Perdu dans la forêt, le livre rencontre un groupe d’enfants, ses lecteurs, tout aussi perdus que lui. Il leur propose de retrouver le chemin pour sortir du bois où les guettent nombre de dangers. Le froid, les loups, le labyrinthe des arbres, les bruits, les chauves-souris, la brume, les crapauds, les limaces… et enfin la sorcière. On ne révélera pas ici la chute, à la fois surprenante et attendue…

Les illustrations, conçues selon le principe d’une caméra subjective, nous donnent à voir le point de vue des enfants, des lecteurs, qui découvrent la forêt. Jamais on ne voit le livre-guide, mais partout on entend sa voix, ses conseils, façon d’immerger le lecteur dans l’univers forestier. Mais on passe petit à petit d’un univers familier à un univers de plus en plus inquiétant, celui des contes, dans lequel les perspectives changent : chauves-souris et champignons occupent une grande partie des pages, un bonnet oublié au sol semble indiquer une disparition récente, les couleurs s’assombrissent… Cette plongée dans l’univers fantastique et merveilleux s’accompagne d’une bonne dose d’humour. D’abord dans la situation, qui met en texte un livre qui parle, qui s’est perdu et qui veut collaborer avec ses lecteurs pour les guider, les amener à sortir de la forêt obscure pour retrouver leur chemin. Ensuite dans la façon de faire participer les lecteurs par des activités corporelles pour se réchauffer. Enfin dans les dangers rencontrés, qui n’ont rien d’insurmontables et relèvent plutôt des stéréotypes des contes se déroulant dans la forêt.
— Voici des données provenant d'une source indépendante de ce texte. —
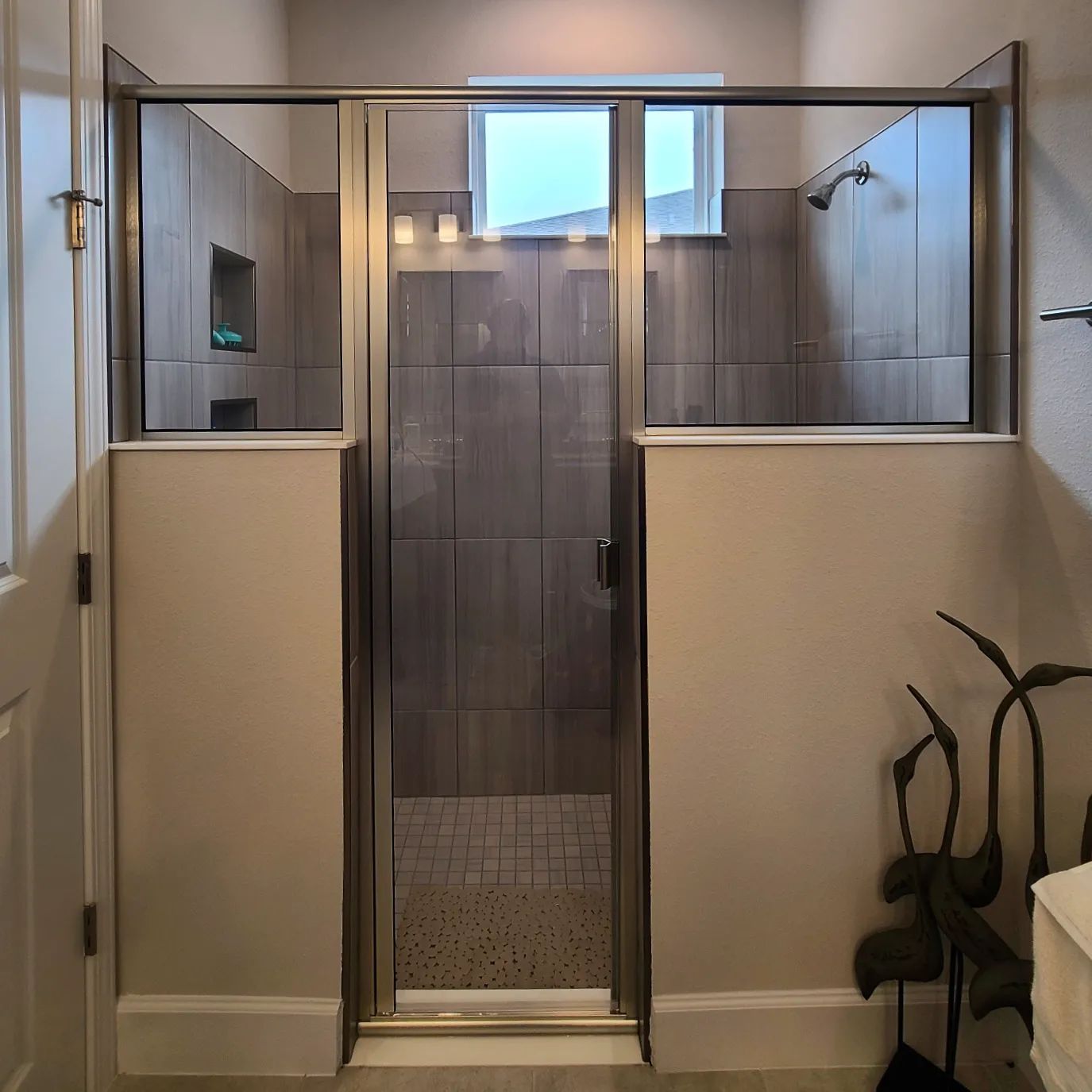 A bathroom with a walk in shower and a window.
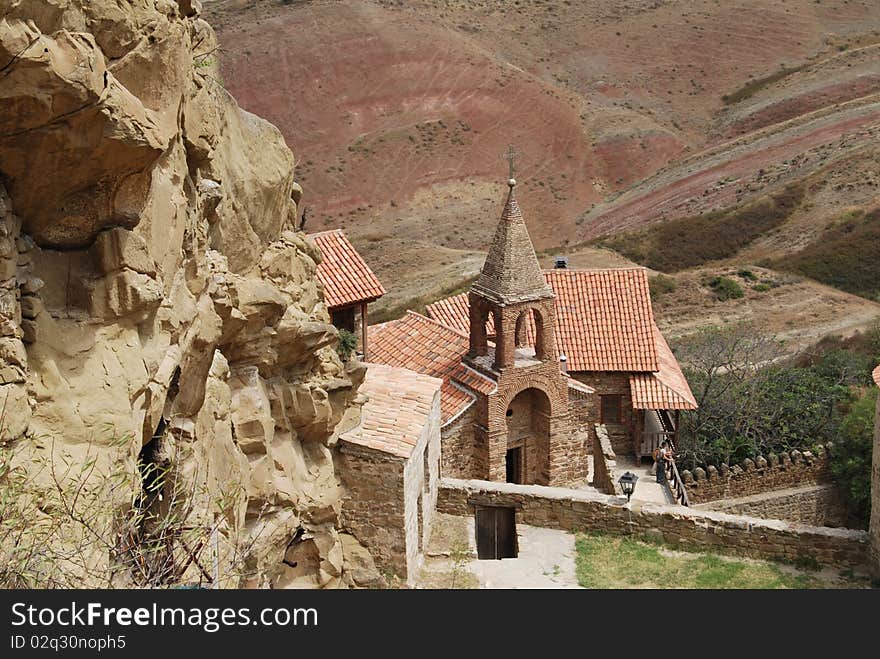 Georgia. David Gareja is a rock-hewn Georgian Orthodox monastery complex located in the Kakheti region of Eastern Georgia, on the half-desert slopes of Mount Gareja, some 60-70 km southeast of Georgia's capital Tbilisi. Georgia. David Gareja is a rock-hewn Georgian Orthodox monastery complex located in the Kakheti region of Eastern Georgia, on the half-desert slopes of Mount Gareja, some 60-70 km southeast of Georgia's capital Tbilisi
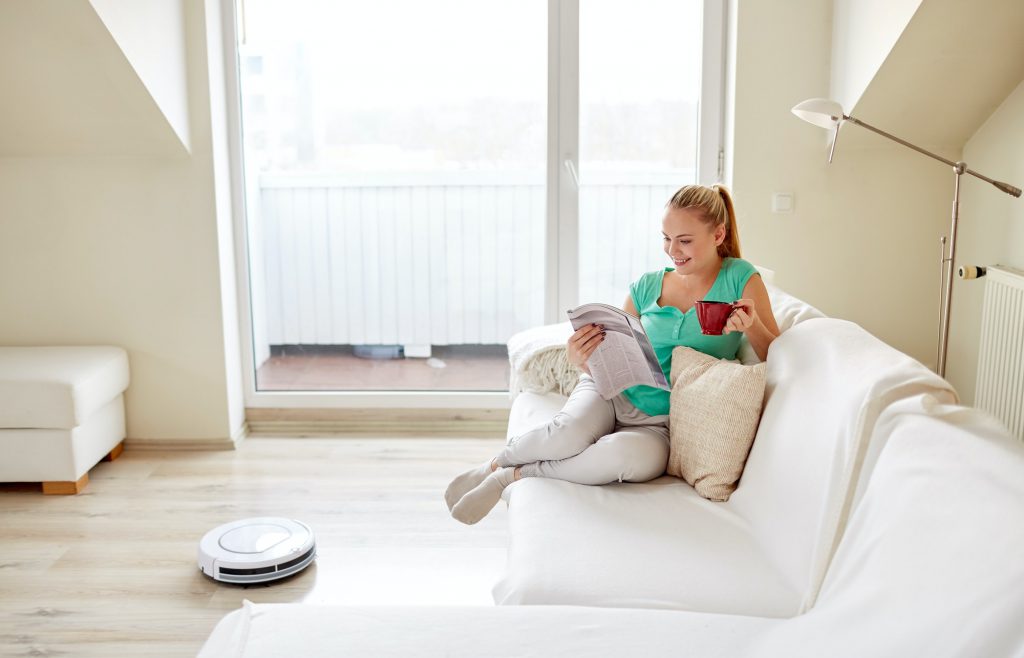 happy woman and robot vacuum cleaner at home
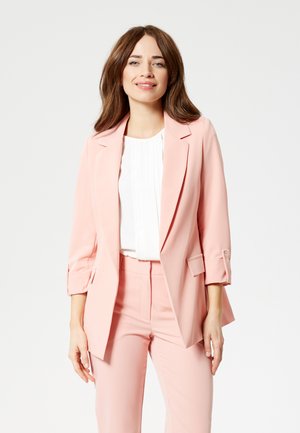Donna con capelli castani che indossa un blazer rosa chiaro e pantaloni abbinati sopra una camicetta bianca, sorridente su uno sfondo chiaro e uniforme.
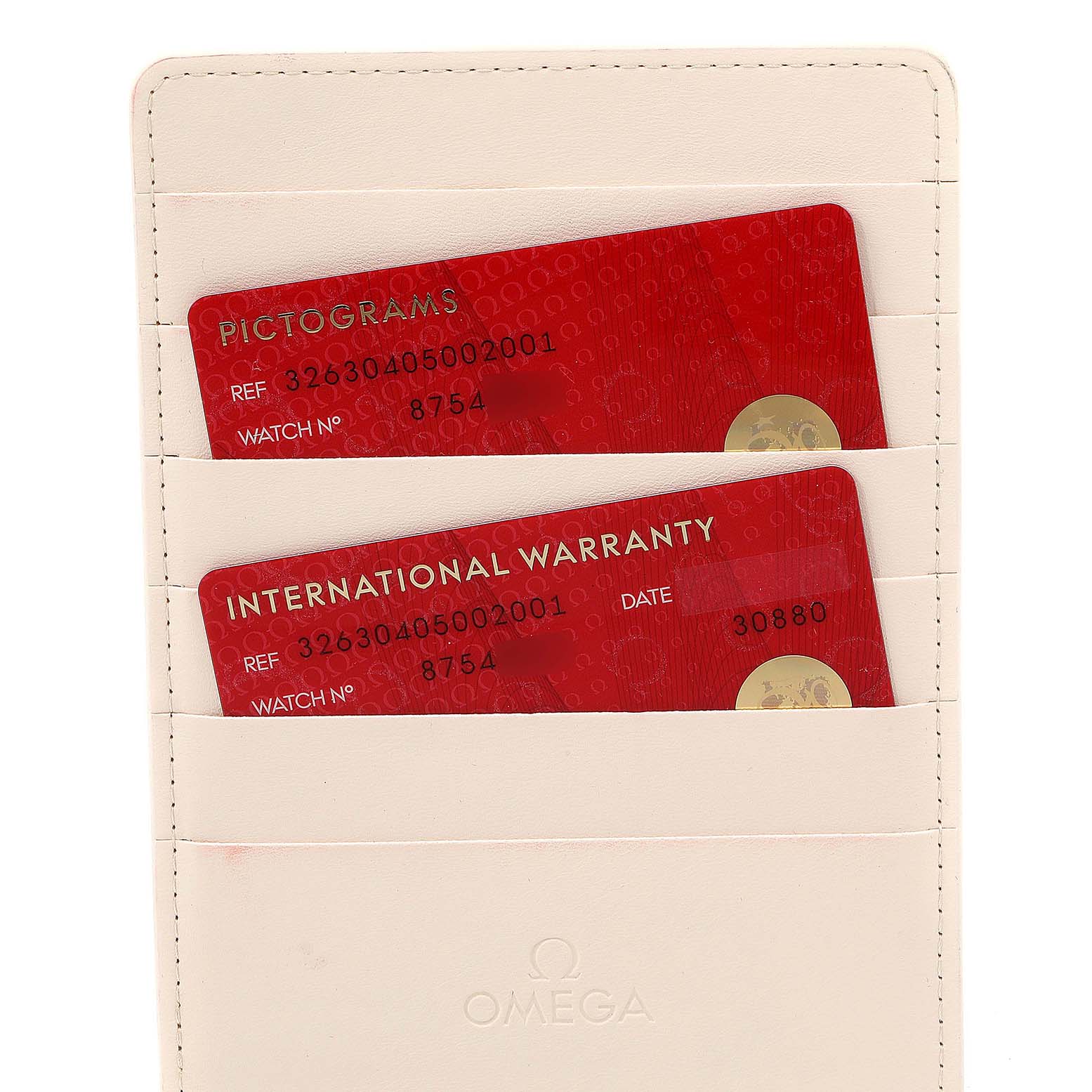 The image shows warranty and pictograms cards for the Omega Speedmaster 326.30.40.50.02.001  Men
s Stainless Steel Silver Dial 326.30.40.50.02.001  Men
s Stainless Steel Silver Dial model placed in a white cardholder.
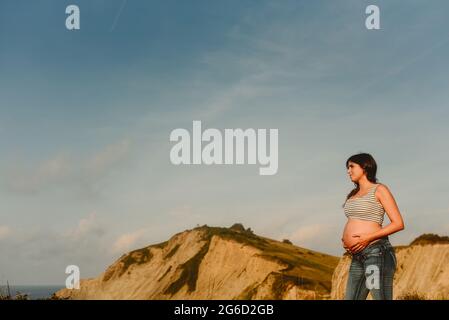 Vue latérale de la jeune femme enceinte hispanique paisible en jeans et crop top révélant le ventre debout sur le bord de mer contre les montagnes Banque D'Images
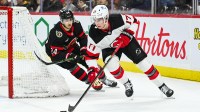 New Jersey Devils defenseman Simon Nemec (17) plays the puck against Ottawa Senators center Dylan Cozens (24) during the first period at Canadian Tire Centre.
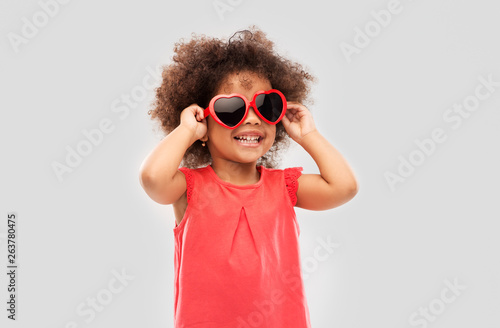 childhood, valentine's day and summer concept - happy little african american girl in heart shaped sunglasses over grey background photo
La chute conduit à s’interroger sur le rôle exact joué par ce drôle de livre auquel on a fait confiance avec trop d’aveuglement. Le danger devient réel, car le livre conduit au pire. Pour de rire, heureusement ! Ne faisons pas dire à cet ouvrage plus qu’en dit, ne lui cherchons pas un contenu philosophique sur les livres qu’il serait dangereux de suivre ou d’écouter : c’est avant tout une belle proposition formelle, drôle, pour amuser le lecteur, mais aussi le mystifier pour sa plus grande jubilation !

Un livre pour faire bouger, rire et trembler les enfants, annonce, avec justesse, la quatrième de couverture.